Discussion in 'Handloading and Reloading' started by djardine, Oct 5, 2011.

  1. djardine

    djardine Well-Known Member

    I am new to reloading and curious if someone can explain the differences or similarities between the Lee 50th anniversary kit, the Lee Challenger kit, and the Lee Classic Turret. Is the basic idea behind the Classic Turret that you can keep your dies set on the turret so you dont have to change them out?

    I am reloading 9mm, 45 auto, 223, and 25-06.
    I am not looking for a brand X is better than brand Y argument- just want to know about the difference in the Lee presses. I will most likely replace the scale and powder measure with an upgraded one immediately I can get the Lee press 50th anniversary kit for $89 right now - Good kit beside maybe the powder measure and scale? Will it be okay to load .25-06 cases or is it not tall enough for the .25-06 case?

    Please help!
    Last edited: Oct 5, 2011
  2. jfh

    jfh Well-Known Member

    a couple of tips: if you google here, in this forum, with phrases like "first order," "Lee Classic," etc., you should be able to find at least a couple of threads that will give you a list of what you will want as a first time buyer.

    Start with that, and prepare a list of what you think you need to buy, then post it. We'll work off that and improve / correct the list as needed.

    Jim H.
  3. Lost Sheep

    Lost Sheep Well-Known Member

    Welcome to reloading and thanks for asking our advice

    Check this thread and my post in it. My 10 Advices for the novice handloader and a dozen web sites to peruse.

    Get a cup of whatever you sip while deep thinking (coffee, cocoa, whatever) and enjoy for a couple of hours.


    or if the link does not work, paste this into your browser


    Good luck,

    Lost Sheep
  4. Lost Sheep

    Lost Sheep Well-Known Member

    djardine, questions for you

    Thanks for asking our advice,

    $89 is a decent price. But decent is a relative term.

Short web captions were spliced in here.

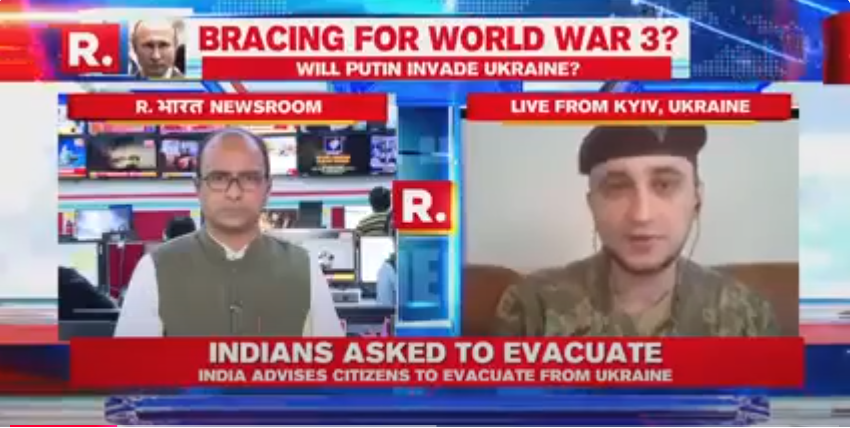 Коментар для телебачення Індії. Чи буде війна?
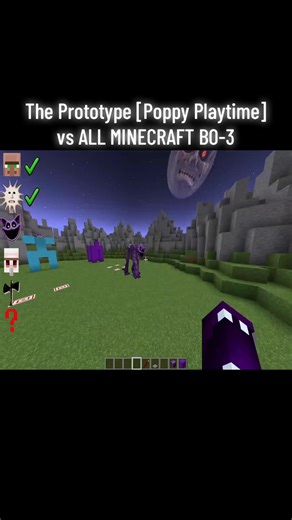 The Prototype from Poppy Playtime Takes on Minecraft BO-3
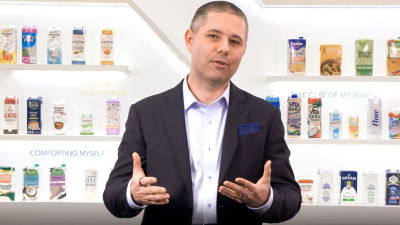 Sasha Ilyukhin in the product room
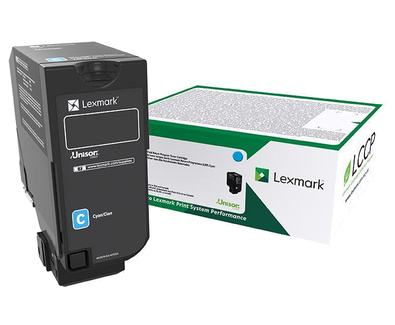 Lexmark 75B20C0 - Toner cyan, 10 000 pages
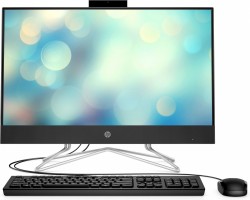 Моноблок HP 24-df1004ur 23.8" Full HD i5 1135G7 (2.4)/4Gb/SSD256Gb/Iris Xe/CR/Free DOS 3.0/GbitEth/WiFi/BT/90W/клавиатура/мышь/Cam/черный 1920x1080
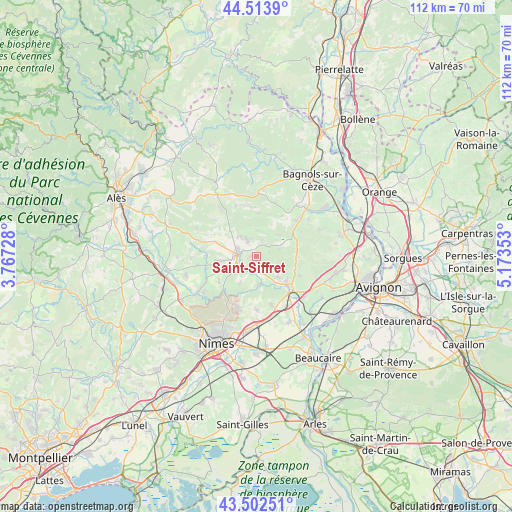 Saint-Siffret on map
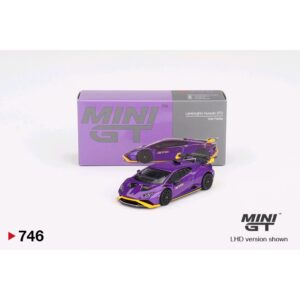 MINI GT LAMBORGHINI HURACAN STO VIOLA PASIFAE MIJO EXCLUSIVE BLISTER PACKAGING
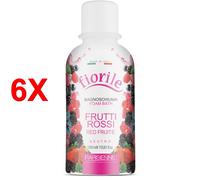 6 X Parisienne Fiorile Bagnoschiuma Frutti Rossi 1000 Ml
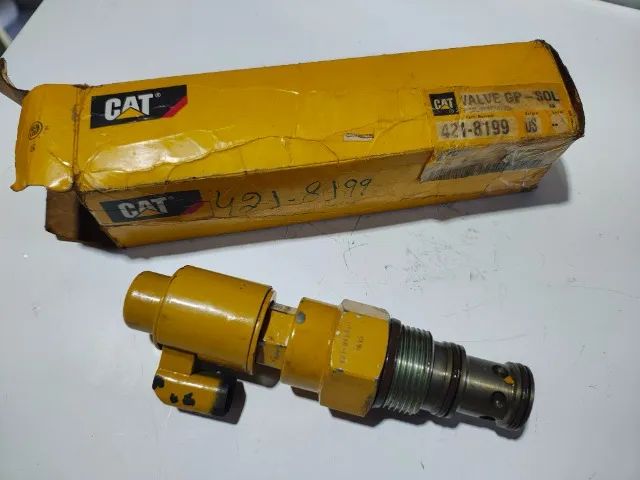 Grupo Válvulas Solenoide CAT D9 D10 972L 950M 966L p/n 421-8199 - Foto 3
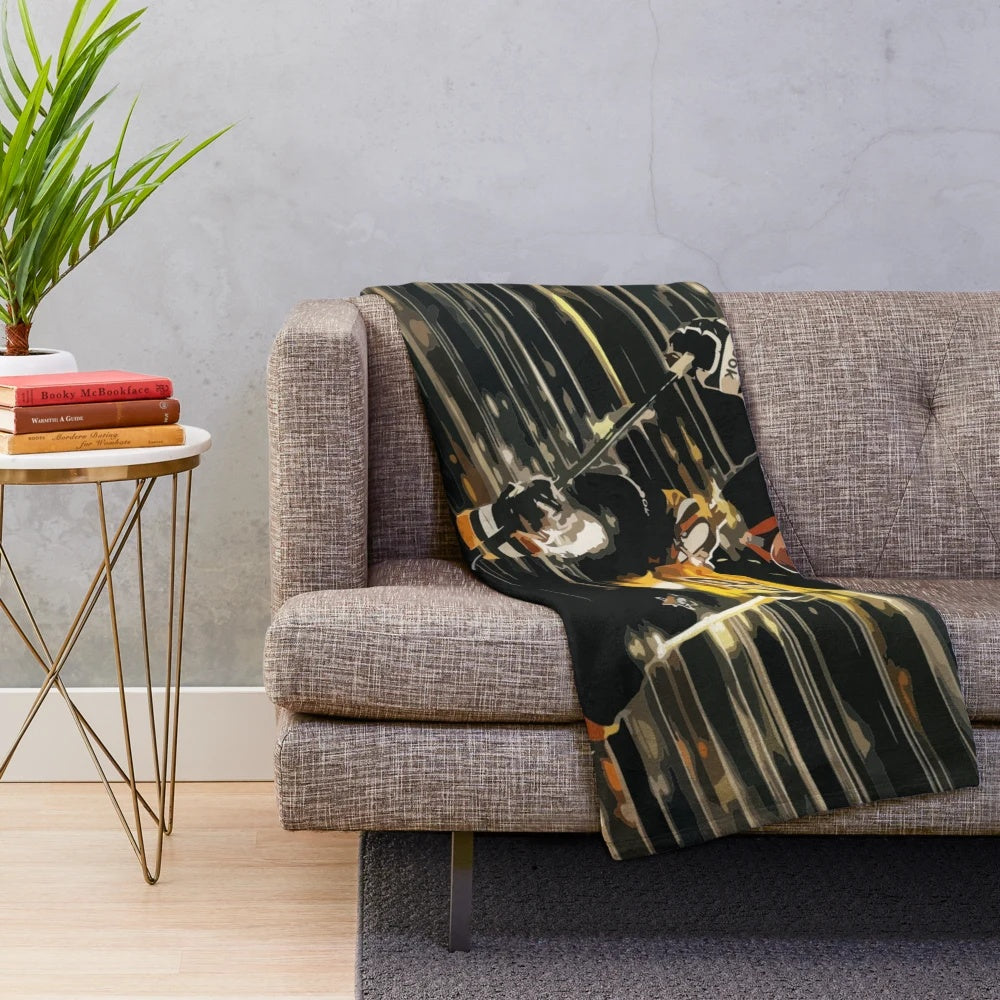 Sidney Crosby Painting Plush Blanket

    What kind of budget do you have? Cast iron is twice as durable as aluminum and only 25% more expensive. If your budget is tight or you are extremely weight-conscious, one or the other might be better for you. The Lee Challenger is Aluminum the Lee Classic Cast is iron. Either will last a lifetime, but the Aluminum requires a bit more care to do that. Iron will withstand more abuse, but not salt water. Different kind of abuse.

    So, what is best for you depends on your needs.

    The more knowledge of your needs you share with us here, the better we can advise you.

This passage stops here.